PhoneBoy hinted towards it but the reality needs a stronger statement (IMHO): upgrade to R80.30 - it properly fixes this!
I have O365 on various sites and it's been pretty much impossible to do anything with an expectation of 100% success other than a complex exclusion from HTTPS inspection using the Microsoft IP subnet based destinations as a HUGE group of networks which we update weekly from the published Microsoft list of O365 subnets just like you have had to do.
....until R80.30!
The SNI and other really effective changes Check Point have made from R80.20 to R80.30 in HTTPS inspection make it a genuinely realistic option...make sure you're sitting down here...to do HTTPS inspection on Office 365 traffic!

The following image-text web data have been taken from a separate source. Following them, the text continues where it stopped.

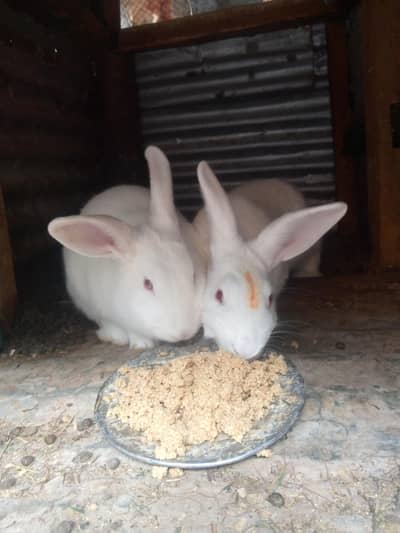 Newziland white red eye pair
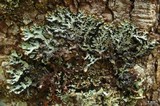 Hypogymnia vittata image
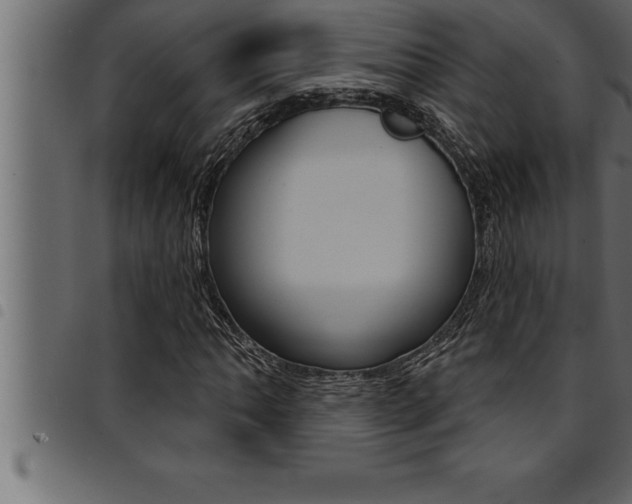 X0000094921062200711291017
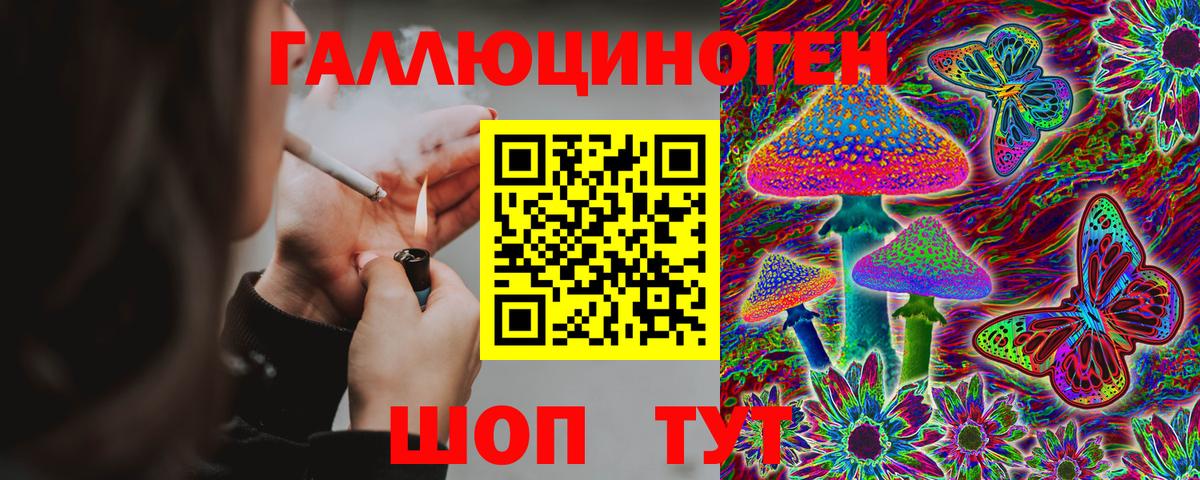 Псилоцибиновые грибы GOLDEN TEACHER Орёл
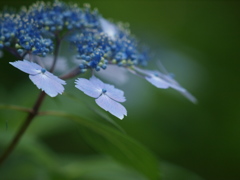 浜の神社の紫陽花三昧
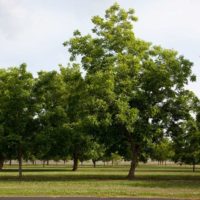 Pecan Tree: The Official State Tree of Texas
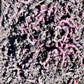 150 Count Red Wiggler Worms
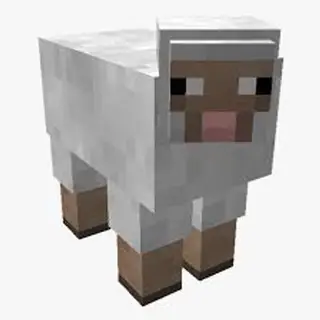 Minute Morph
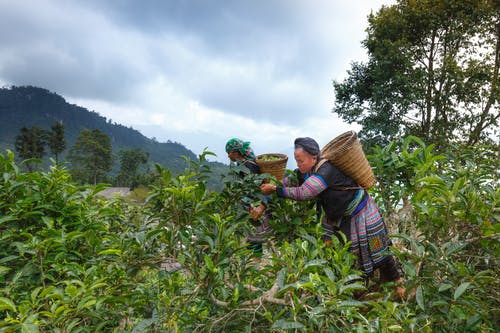 有關(guān)美文作文集錦八篇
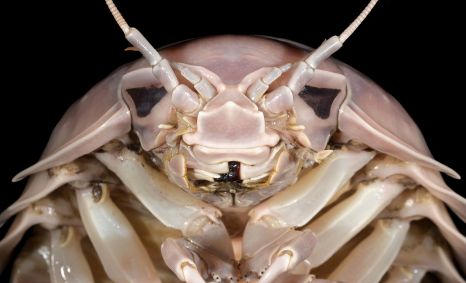 Pesquisadores disseram que batizaram uma espécie recém-descoberta de "Bathynomus vaderi" porque a cabeça do inseto marinho supergigante lembra o capacete de Darth Vader
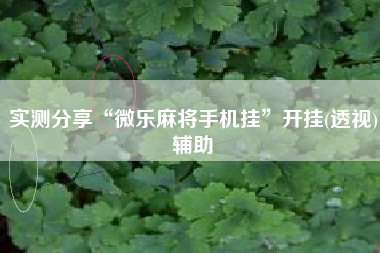 实测分享“微乐麻将手机挂”开挂(透视)辅助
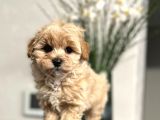 Maltipoo Mix Irk Yavrular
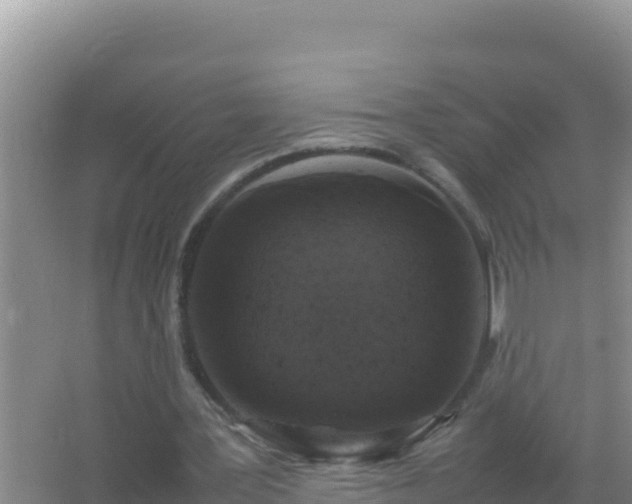 X0000067500387200604150113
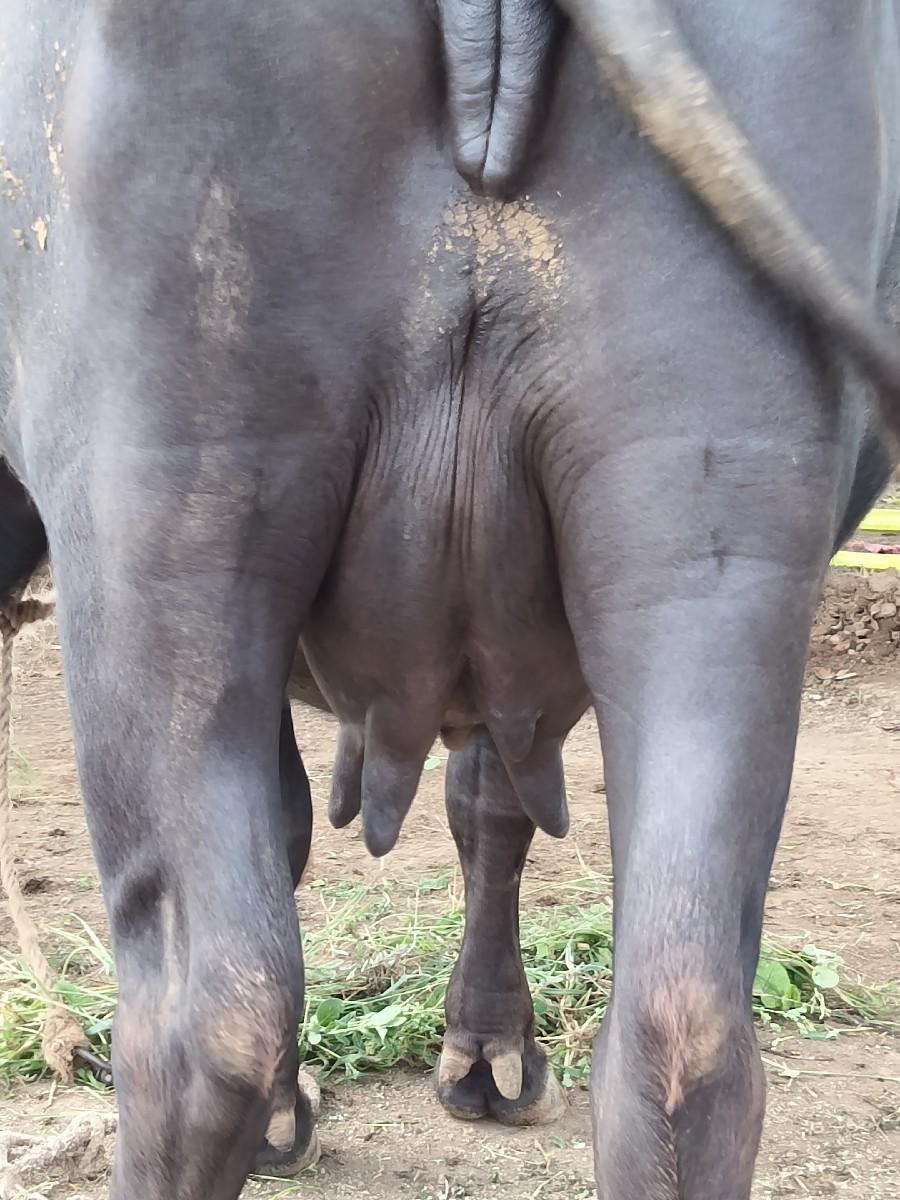 વેચવા ની છે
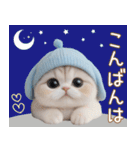 スコティッシュ猫 水色帽 優しい日常 敬語（個別スタンプ：3）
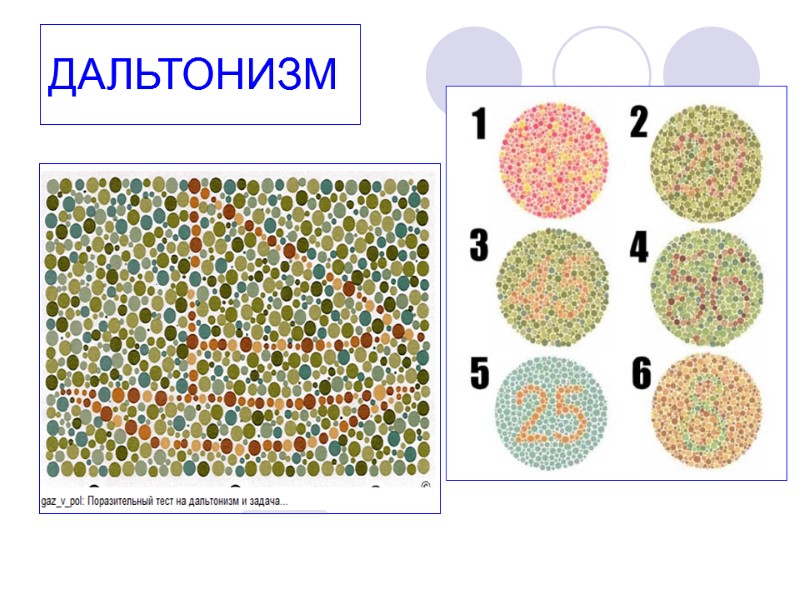 ДАЛЬТОНИЗМ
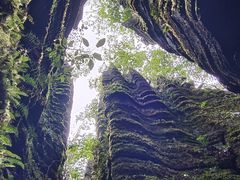 -梭布垭石林景区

The enhanced_ssl_inspection parameter is now (at r80.30 level) completely irrelevant and ignored by the kernel.
For example, I support a site with HTTPS fully enabled, we're rolling out O365 and all I have done is allow the Application Microsoft & Office365 Services for all users. I have tested quite thoroughly for all of the main applications and everything works, with the exception of file transfer within a Teams chat (which never used to be able to work in Skype with HTTPS inspection either - I'm guessing it's a similar issue) but most corporates are not at all bothered that this particular backdoor is closed, albeit accidentally.
I have a major issue with the ability to access personal outlook.com and I'll be posting separately about that but for your needs, once upgraded to R80.30 you can drop loads of HTTPS inspection overrides and expect success! Do expect to have to keep HTTPS inspection overrides for Dropbox and Box (there's a full list in usercenter) which use sticky certificates and craplicaitons by such companies as Fedex and DHL which just break if you look at them in the wrong way.